The faith and love answer is: “I love you, and everything is going to be alright.”
If asked: “How can you be sure?” the factual answer is: “I can’t be sure. No one can be sure about anything. But I believe it is likely to be true.”
The faith and love answer is: “I am sure. There’s no doubt in my mind.”
Sometimes the right framework is facts.
Sometimes it’s faith and love.
If someone asked me: “How do you know which one to use?”
My answer would be:
“I just know.”

I wrote the draft version of my answer to him from my head and my heart. It's been edited, but the gist is the same: faith and love as an alternative to facts.
It reminded me of something that seemed relevant.
A little Googling found the reference:
I Corinthians 13:13
And now these three remain: faith, hope, and love. But the greatest of these is love.
So closed with this:
I have long been guided by reason. I have tried to be.
But more and more I am guided by faith, hope, and love as well as reason. [Ed: I forgot about hope in the draft. But I’ve written about it before.]
Faith, hope, and love.
So what is love?
I Corinthians 13:4-7 does a poetic job of saying what love is:
4 Love is patient, love is kind.

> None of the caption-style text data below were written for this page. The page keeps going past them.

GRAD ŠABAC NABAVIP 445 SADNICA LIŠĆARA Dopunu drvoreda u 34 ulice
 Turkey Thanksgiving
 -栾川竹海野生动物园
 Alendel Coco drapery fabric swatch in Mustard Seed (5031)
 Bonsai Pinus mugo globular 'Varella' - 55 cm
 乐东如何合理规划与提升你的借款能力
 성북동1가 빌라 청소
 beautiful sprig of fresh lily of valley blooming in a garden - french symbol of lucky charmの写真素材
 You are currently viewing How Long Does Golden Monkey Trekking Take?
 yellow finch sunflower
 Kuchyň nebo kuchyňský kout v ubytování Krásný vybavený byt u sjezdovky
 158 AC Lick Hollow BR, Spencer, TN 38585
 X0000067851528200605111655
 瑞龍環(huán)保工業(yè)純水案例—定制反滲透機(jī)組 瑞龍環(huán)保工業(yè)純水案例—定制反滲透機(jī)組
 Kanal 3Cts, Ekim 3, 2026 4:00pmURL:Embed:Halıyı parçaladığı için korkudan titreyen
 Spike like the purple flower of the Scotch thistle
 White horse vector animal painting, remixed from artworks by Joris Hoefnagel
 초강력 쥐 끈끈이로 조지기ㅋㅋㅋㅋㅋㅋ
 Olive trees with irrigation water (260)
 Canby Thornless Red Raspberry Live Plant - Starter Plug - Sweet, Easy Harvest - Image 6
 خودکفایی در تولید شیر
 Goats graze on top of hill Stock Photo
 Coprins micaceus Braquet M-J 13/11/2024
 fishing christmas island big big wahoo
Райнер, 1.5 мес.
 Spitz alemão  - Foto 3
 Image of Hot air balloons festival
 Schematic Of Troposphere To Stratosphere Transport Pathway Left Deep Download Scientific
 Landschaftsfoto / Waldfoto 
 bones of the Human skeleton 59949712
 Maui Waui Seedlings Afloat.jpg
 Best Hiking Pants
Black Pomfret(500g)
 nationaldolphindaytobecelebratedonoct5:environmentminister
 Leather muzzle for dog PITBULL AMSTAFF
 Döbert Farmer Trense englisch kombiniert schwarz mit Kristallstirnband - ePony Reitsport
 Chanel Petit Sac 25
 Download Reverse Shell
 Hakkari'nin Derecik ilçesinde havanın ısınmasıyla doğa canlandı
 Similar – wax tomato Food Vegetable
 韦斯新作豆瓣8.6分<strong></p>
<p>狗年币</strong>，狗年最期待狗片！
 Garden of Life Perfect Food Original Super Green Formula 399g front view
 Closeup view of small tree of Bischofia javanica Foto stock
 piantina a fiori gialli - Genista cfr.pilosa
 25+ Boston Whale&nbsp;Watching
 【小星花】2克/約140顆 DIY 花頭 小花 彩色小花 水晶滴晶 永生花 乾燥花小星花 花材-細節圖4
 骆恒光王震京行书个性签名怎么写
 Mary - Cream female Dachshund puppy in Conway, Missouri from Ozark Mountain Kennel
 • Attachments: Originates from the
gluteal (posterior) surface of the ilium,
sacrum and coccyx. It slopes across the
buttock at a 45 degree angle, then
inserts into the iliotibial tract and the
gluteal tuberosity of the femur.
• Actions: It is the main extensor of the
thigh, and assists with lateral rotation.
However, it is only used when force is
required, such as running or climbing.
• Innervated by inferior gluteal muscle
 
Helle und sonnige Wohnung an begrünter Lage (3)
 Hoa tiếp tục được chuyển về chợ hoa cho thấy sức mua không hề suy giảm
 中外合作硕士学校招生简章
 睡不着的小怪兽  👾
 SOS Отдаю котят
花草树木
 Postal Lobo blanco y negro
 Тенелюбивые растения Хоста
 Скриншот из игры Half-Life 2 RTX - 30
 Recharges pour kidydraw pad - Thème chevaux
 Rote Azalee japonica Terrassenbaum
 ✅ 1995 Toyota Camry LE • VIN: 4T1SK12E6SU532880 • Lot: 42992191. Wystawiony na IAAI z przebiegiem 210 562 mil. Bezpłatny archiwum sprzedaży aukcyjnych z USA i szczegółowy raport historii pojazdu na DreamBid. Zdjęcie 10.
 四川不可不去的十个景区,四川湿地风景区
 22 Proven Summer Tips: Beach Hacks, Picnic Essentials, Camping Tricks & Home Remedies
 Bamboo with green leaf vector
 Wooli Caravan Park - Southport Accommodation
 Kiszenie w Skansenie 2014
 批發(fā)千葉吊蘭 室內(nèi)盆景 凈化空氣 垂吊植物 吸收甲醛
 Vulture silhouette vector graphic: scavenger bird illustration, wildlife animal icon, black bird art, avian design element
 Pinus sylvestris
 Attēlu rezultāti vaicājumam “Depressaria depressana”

It does not envy, it does not boast, it is not proud.
5 It does not dishonor others, it is not self-seeking, it is not easily angered, it keeps no record of wrongs.
6 Love does not delight in evil but rejoices with the truth.
7 It always protects, always trusts, always hopes, always perseveres.
That’s something to aspire to.
I certainly do.

Nerd note: the King James Version uses “charity” instead of “love.” This is fortunate because otherwise the lyrics to the Don Cornell Song “The Bible tells me so” don’t work:
Have faith, hope and charity
That’s the way to live successfully
How do I know, the Bible tells me so.
But Nerds Never Rest(TM)
The word being translated from the Greek is agape.
According to my understanding, bolstered by [this Wikipedia article] (https://en.wikipedia.org/wiki/Agape), it’s better translated as love, Don Cornell to the contrary.
So faith, hope, and love.
And the greatest of these is love.

What I believe

I believe that what I believe determines what I do.
I believe that if I am not doing something that I believe that I want to do (writing, for example) that there must be one or more limiting beliefs in the way.
I believe that if I found and removed the limiting beliefs, then what I did would change.
I believe that I can believe anything—if only for a moment.
I believe that I can maintain some beliefs effortlessly and I can maintain others only with effort.
I believe apart from the effort to maintain some beliefs, changing what I do by changing my beliefs would be effortless.
I believe that it might be possible to maintain more beliefs effortlessly
I believe that I know things that I can’t articulate.
I believe that I can improve any part of my life, at any moment, by taking an inventory of what I believe, emphasizing the beliefs that are helpful, changing or removing beliefs that are unhelpful, and adding beliefs that would be helpful.
I have been doing that for most of the morning.
I believe my life has already improved.
I believe that this post is evidence.
I believe your life might improve if you did something like this.
I hope you do and I hope that it does.
If you so, and it does, I would like to hear about it.
Anyway, I believe that I would.
I believe that there’s a lot more to this idea than what I’ve written here.
I believe (and predict) that I am going to write some posts unpacking this idea.